Directions. The lines below starting at the line containing "Lumicom Window L&aacute;mpara De Techo" and ending at the line containing "Кофта женская" are to be repeated exactly, with both ends kept and nothing else added.

- Opening Delimiter -

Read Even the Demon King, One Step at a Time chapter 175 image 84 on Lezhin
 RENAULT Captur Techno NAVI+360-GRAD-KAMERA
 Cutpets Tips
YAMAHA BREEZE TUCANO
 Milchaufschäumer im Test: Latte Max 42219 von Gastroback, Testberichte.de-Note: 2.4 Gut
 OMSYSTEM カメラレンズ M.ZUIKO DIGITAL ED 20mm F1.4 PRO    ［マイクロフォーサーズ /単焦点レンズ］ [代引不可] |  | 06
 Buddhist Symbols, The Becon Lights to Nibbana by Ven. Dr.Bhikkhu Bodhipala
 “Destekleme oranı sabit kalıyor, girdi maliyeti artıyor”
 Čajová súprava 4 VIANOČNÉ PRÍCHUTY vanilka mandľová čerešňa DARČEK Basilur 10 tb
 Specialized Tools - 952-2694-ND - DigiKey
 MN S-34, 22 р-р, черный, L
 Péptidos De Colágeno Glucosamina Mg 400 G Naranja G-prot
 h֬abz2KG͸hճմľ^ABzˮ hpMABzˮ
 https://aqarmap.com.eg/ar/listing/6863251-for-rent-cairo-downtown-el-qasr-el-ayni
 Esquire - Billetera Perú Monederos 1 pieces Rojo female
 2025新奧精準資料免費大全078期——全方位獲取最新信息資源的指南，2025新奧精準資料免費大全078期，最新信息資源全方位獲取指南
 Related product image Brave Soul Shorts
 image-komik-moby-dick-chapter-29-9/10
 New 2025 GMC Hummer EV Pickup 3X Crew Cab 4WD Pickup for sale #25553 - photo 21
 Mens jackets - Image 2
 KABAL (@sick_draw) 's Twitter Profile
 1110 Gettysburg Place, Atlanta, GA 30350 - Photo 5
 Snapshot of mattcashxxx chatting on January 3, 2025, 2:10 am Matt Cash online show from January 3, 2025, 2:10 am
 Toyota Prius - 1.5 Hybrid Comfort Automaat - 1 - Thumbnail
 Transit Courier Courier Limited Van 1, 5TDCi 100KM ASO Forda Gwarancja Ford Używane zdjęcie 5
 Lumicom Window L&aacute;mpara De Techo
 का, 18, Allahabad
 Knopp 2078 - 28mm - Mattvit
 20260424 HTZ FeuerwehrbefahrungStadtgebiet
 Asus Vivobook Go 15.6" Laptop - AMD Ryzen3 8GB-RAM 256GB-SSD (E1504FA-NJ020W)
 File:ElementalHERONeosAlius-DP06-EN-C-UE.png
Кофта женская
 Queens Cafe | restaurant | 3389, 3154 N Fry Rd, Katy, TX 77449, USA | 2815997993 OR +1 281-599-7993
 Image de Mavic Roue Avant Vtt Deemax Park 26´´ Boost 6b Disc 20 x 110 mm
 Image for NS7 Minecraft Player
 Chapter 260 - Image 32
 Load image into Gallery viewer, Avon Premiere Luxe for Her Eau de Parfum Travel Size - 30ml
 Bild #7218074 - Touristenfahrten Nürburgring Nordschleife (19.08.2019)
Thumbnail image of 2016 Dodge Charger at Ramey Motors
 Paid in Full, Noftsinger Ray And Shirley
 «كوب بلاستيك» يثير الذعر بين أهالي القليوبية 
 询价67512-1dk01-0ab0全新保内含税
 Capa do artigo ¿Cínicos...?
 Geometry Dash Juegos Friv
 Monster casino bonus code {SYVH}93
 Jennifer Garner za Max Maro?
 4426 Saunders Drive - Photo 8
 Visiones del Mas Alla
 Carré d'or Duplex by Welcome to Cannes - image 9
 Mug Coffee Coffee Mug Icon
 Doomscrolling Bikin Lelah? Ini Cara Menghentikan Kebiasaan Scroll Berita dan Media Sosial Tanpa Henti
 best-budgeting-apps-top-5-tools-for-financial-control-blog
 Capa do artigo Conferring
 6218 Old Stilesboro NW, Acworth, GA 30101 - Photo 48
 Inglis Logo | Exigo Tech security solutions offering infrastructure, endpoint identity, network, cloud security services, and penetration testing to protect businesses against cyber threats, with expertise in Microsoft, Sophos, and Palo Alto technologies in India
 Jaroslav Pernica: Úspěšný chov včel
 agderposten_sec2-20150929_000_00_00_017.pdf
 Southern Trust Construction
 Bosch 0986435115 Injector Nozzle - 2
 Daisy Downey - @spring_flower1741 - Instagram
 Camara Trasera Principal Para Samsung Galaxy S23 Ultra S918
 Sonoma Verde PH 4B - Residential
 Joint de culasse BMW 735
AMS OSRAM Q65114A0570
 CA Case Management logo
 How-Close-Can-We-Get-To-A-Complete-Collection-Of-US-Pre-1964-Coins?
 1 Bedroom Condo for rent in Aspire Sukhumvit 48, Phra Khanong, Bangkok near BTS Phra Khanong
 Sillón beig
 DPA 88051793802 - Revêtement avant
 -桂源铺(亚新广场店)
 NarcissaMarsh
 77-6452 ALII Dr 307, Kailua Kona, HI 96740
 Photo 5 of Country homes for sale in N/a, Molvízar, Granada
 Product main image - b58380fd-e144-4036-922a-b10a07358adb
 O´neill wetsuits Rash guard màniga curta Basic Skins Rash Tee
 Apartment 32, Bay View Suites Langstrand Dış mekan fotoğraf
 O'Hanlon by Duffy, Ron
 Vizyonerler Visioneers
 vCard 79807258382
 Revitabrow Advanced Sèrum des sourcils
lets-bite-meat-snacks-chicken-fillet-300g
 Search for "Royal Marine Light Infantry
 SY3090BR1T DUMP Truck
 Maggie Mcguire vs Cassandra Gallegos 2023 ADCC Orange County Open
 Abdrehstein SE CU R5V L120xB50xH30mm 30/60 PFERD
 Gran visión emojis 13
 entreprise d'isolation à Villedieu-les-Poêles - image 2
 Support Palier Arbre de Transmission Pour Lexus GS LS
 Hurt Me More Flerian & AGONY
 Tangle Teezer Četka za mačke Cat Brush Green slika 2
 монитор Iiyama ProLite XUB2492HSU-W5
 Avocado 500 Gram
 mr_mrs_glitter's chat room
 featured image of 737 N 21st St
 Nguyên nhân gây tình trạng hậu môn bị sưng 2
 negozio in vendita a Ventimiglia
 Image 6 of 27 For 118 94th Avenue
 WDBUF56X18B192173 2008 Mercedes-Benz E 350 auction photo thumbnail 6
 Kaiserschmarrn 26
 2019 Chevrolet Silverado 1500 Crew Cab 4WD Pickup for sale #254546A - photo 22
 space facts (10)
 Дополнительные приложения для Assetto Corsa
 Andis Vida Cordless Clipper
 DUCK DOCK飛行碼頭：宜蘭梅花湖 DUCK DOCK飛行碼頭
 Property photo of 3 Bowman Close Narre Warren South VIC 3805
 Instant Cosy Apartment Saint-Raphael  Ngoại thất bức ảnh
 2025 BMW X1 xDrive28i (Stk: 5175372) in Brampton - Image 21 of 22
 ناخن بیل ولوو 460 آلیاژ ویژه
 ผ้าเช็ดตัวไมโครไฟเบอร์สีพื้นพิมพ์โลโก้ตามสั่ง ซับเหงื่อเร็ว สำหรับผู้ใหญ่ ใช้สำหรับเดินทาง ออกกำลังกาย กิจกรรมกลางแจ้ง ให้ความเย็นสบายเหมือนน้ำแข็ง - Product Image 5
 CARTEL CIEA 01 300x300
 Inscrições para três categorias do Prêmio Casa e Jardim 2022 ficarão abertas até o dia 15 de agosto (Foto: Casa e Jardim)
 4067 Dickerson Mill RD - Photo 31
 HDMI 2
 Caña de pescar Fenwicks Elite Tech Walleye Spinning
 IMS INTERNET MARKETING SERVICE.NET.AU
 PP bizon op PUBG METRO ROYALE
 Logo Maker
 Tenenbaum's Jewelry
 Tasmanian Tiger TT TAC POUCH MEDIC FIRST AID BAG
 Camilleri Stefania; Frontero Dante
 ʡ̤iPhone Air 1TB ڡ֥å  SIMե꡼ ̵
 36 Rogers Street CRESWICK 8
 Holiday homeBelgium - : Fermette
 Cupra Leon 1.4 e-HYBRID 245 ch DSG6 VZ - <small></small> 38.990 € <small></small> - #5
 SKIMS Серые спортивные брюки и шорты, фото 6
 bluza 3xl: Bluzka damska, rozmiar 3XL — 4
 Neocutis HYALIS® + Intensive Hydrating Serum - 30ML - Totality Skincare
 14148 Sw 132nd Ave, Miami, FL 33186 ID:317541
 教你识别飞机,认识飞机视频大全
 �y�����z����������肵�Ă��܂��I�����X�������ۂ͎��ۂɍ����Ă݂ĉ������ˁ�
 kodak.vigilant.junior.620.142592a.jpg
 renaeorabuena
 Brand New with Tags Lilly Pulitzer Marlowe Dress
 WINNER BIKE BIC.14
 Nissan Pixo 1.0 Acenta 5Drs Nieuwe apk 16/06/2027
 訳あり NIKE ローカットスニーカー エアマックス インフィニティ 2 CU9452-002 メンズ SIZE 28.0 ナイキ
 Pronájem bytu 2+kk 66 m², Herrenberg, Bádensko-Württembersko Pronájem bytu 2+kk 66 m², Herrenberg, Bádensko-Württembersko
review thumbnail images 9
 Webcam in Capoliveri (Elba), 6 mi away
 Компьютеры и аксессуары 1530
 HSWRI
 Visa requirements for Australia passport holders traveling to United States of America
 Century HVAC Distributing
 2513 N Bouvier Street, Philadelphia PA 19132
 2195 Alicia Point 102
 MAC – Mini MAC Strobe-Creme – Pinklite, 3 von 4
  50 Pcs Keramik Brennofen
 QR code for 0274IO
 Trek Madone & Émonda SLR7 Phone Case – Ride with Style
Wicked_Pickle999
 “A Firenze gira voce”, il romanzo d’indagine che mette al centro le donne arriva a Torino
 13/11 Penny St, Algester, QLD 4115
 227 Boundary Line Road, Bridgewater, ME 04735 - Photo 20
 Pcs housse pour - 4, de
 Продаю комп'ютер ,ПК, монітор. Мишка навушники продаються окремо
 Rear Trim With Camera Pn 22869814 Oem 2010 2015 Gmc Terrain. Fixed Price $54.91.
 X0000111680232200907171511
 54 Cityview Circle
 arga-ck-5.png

- Closing Delimiter -

Task response.
 Lumicom Window L&aacute;mpara De Techo
 का, 18, Allahabad
 Knopp 2078 - 28mm - Mattvit
 20260424 HTZ FeuerwehrbefahrungStadtgebiet
 Asus Vivobook Go 15.6" Laptop - AMD Ryzen3 8GB-RAM 256GB-SSD (E1504FA-NJ020W)
 File:ElementalHERONeosAlius-DP06-EN-C-UE.png
Кофта женская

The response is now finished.